All totalitarian doctrines rely on unreasonable and impossible-to-meet targets of piety. They are guaranteed - indeed, designed to be guaranteed - to lead people to fail to live up to them. How else can one make sense of lust, and yet the railing against lust? One sees this at play in domestic violence situations: the abusive father, for example, will be on the look out for any transgression whatsoever that his poor wife might engage in; failing that, he will up the ante and introduce some arbitrary new rule (the rule itself is unimportant; the inevitable effect is what matters), with the crucial feature that the person it is meant for will inevitably, from the sheer strain of having to juggle so many factors at the same time, will cock up. A master-slave relationship rests upon unfulfillable rules. God, as master, invents rules that he knows perfectly well his flawed, compulsive, desirous human creatures will at some point fail to live up to. Then he cracks down on everyone. I fail to regard this as anything other than repulsive.

'Therefore God has to Judge us and punish us for our sin.'

How, then, is his 'love' for us different to Saddam Hussein's loving embrace of the Iraqi people?

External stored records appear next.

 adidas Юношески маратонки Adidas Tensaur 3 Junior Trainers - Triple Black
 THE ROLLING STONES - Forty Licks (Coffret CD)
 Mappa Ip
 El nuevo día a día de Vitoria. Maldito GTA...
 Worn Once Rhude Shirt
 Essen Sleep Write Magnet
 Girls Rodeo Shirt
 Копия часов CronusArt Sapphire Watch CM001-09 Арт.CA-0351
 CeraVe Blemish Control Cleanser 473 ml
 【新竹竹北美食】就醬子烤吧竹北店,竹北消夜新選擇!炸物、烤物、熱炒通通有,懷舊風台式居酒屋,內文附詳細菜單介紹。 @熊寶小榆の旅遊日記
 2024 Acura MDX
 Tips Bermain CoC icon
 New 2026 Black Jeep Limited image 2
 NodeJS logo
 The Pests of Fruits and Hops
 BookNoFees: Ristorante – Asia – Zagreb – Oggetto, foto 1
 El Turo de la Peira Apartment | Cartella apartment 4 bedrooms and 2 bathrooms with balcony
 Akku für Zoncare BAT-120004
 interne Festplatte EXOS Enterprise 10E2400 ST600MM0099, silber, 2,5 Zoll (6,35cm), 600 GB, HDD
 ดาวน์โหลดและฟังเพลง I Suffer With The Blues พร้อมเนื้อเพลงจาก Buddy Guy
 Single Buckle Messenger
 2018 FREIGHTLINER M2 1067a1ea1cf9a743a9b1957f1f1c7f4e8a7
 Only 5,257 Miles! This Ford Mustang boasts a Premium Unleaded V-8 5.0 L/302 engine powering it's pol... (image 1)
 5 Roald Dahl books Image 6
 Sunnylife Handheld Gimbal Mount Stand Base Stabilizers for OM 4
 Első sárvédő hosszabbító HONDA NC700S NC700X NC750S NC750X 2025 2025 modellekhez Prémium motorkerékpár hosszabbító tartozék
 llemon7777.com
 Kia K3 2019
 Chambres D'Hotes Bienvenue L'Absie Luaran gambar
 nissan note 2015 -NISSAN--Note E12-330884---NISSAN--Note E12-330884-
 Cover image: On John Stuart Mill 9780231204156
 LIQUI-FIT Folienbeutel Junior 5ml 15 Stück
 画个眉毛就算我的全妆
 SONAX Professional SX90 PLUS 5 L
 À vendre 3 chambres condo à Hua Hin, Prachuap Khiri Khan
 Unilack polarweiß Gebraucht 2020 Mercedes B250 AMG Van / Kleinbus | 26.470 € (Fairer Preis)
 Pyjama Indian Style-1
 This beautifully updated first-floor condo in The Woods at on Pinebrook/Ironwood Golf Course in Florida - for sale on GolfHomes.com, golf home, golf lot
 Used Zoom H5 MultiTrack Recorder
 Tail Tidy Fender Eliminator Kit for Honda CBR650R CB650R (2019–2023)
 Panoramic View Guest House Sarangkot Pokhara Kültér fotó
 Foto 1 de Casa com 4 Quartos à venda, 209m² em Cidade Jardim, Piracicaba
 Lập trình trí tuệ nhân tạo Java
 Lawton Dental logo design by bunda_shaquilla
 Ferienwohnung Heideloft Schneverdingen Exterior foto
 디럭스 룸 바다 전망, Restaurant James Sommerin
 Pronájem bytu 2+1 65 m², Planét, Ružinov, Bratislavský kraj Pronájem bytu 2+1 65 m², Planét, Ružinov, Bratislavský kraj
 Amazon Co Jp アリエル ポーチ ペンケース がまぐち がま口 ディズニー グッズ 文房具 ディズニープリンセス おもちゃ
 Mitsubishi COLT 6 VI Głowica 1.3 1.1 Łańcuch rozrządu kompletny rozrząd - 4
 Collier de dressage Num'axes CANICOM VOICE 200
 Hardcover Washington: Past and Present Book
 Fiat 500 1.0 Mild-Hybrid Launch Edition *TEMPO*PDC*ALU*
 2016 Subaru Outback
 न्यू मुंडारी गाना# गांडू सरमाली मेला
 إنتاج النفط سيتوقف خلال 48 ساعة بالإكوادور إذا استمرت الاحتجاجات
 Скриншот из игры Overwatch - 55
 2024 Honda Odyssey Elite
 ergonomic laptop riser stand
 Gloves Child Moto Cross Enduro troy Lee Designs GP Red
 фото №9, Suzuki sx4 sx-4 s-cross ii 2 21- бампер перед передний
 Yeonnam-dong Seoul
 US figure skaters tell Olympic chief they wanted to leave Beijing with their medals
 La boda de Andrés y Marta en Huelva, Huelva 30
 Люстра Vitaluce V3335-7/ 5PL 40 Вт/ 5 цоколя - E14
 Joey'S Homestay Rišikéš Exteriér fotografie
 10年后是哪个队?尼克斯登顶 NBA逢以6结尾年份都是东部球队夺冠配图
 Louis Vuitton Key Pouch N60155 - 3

'I know no greater horror than being left behind, knowing the truth and yet knowing that I am sentenced to eternal damnation in hell.'

A greater horror would seem to be a being who designs the universe in this way, and then torments his creations because they weren't good enough for him.

Luis Cayetano said...

'He created the animals and the plants, and upholds them. He changes the seasons and provides the resources needed. We cannot see God for He is Spirit.'

Then how do you know he does such things? Every time we actually look, we find only natural processes at work. No spirits are involved. Everything we see is the result of matter being converted into different configurations, by processes that are now, in outline, understood fairly well.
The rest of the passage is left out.